Exercise directions:
In the copy, include no images, and repeat each entry precisely as written.

________________________

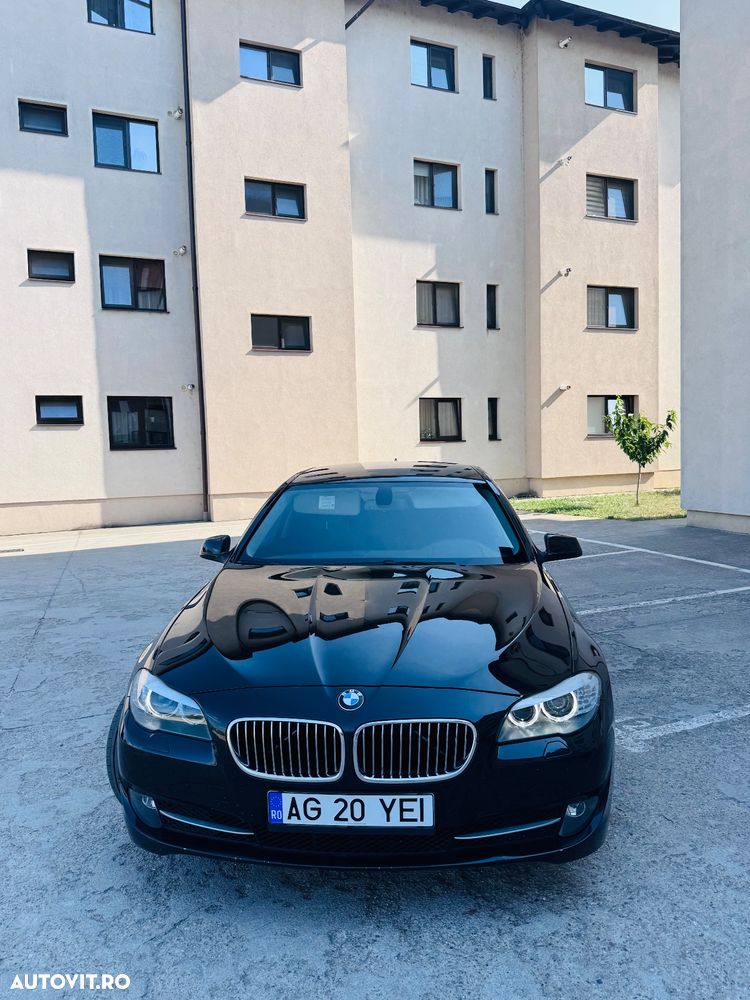 BMW Seria 5 520d Aut. - 1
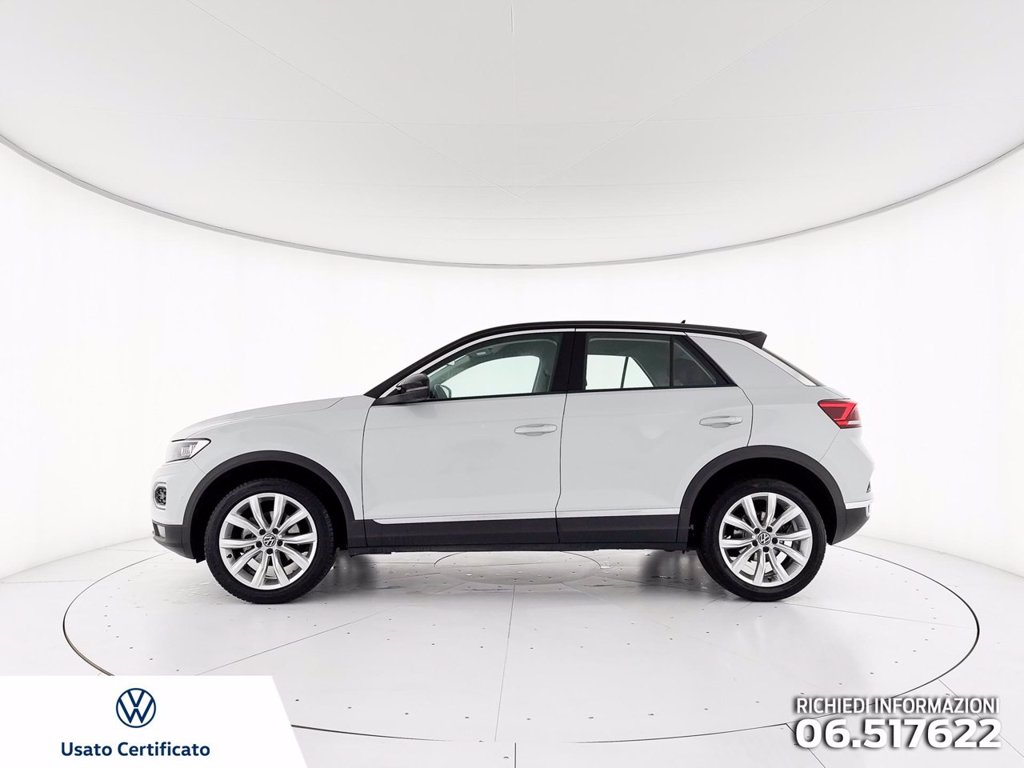 VOLKSWAGEN T-roc 1.5 tsi sport dsg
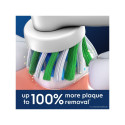 Oral-B CrossAction replacement brush, 4 pcs.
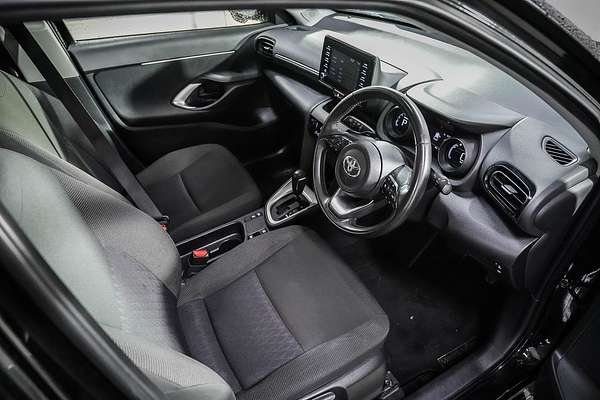 2023 Toyota Yaris Cross GX MXPB10R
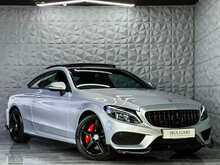 Mercedes-Benz C Class C250d AMG Line PREMIUM PLUS + KIT + WHEELS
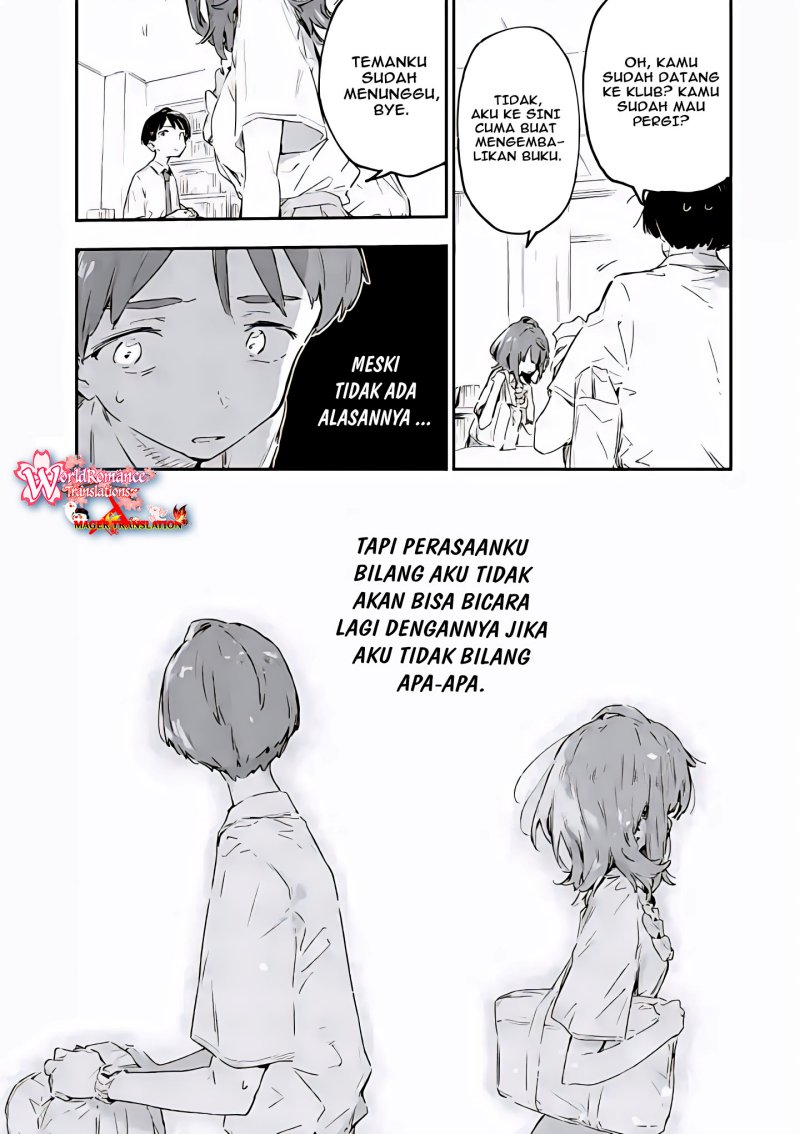 Dilarang COPAS - situs resmi www.mangacanblog.com - Komik make heroine ga oosugiru 013 - chapter 13 14 Indonesia make heroine ga oosugiru 013 - chapter 13 Terbaru 9|Baca Manga Komik Indonesia|Mangacan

________________________

Exercise output:
 BMW Seria 5 520d Aut. - 1
 VOLKSWAGEN T-roc 1.5 tsi sport dsg
 Oral-B CrossAction replacement brush, 4 pcs.
 2023 Toyota Yaris Cross GX MXPB10R
 Mercedes-Benz C Class C250d AMG Line PREMIUM PLUS + KIT + WHEELS
 Dilarang COPAS - situs resmi www.mangacanblog.com - Komik make heroine ga oosugiru 013 - chapter 13 14 Indonesia make heroine ga oosugiru 013 - chapter 13 Terbaru 9|Baca Manga Komik Indonesia|Mangacan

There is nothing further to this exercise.